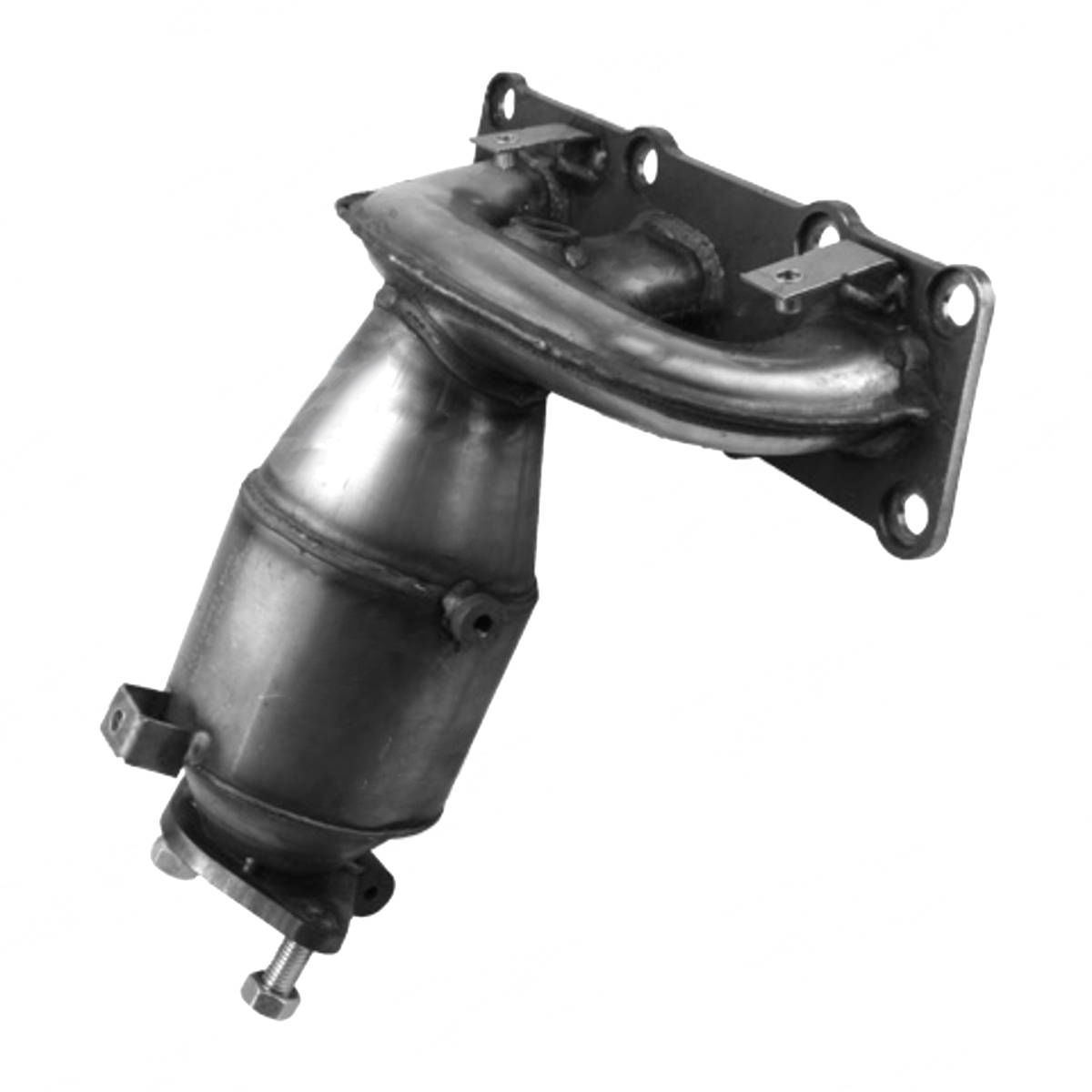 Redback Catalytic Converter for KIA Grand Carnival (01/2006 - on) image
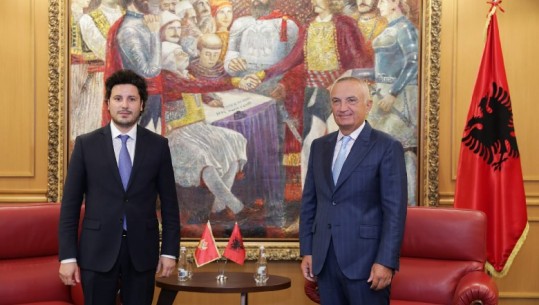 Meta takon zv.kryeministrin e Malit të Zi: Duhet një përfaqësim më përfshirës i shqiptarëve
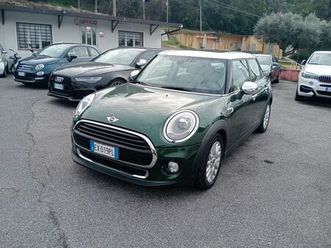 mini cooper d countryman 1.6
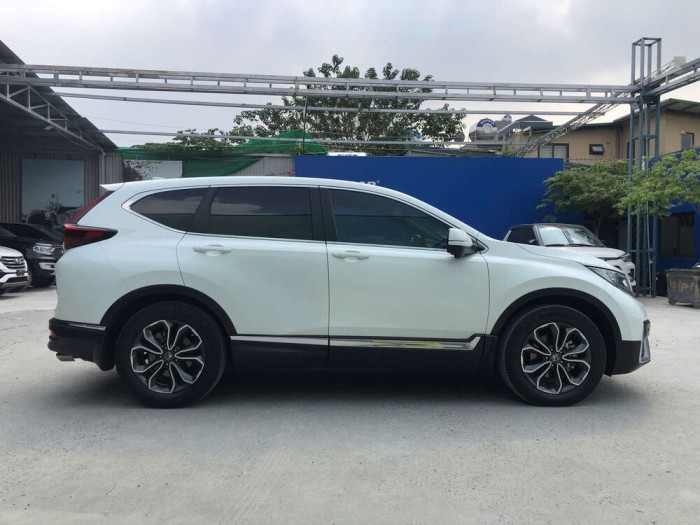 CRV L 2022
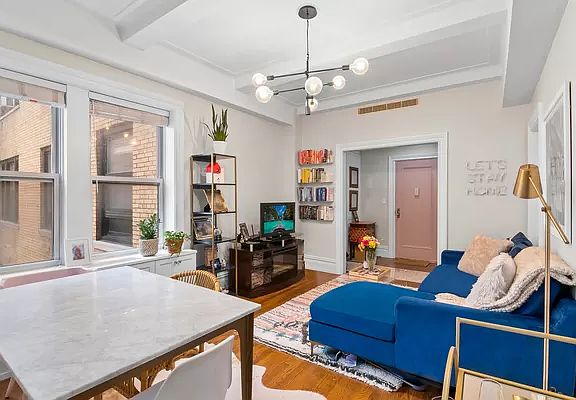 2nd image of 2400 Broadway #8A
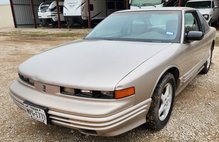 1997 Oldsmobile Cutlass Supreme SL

■ **About this exercise**
Make an exact copy of the listing above, omitting the pictures.

■ **Expected answer**
 Redback Catalytic Converter for KIA Grand Carnival (01/2006 - on) image
 Meta takon zv.kryeministrin e Malit të Zi: Duhet një përfaqësim më përfshirës i shqiptarëve
 mini cooper d countryman 1.6
 CRV L 2022
 2nd image of 2400 Broadway #8A
 1997 Oldsmobile Cutlass Supreme SL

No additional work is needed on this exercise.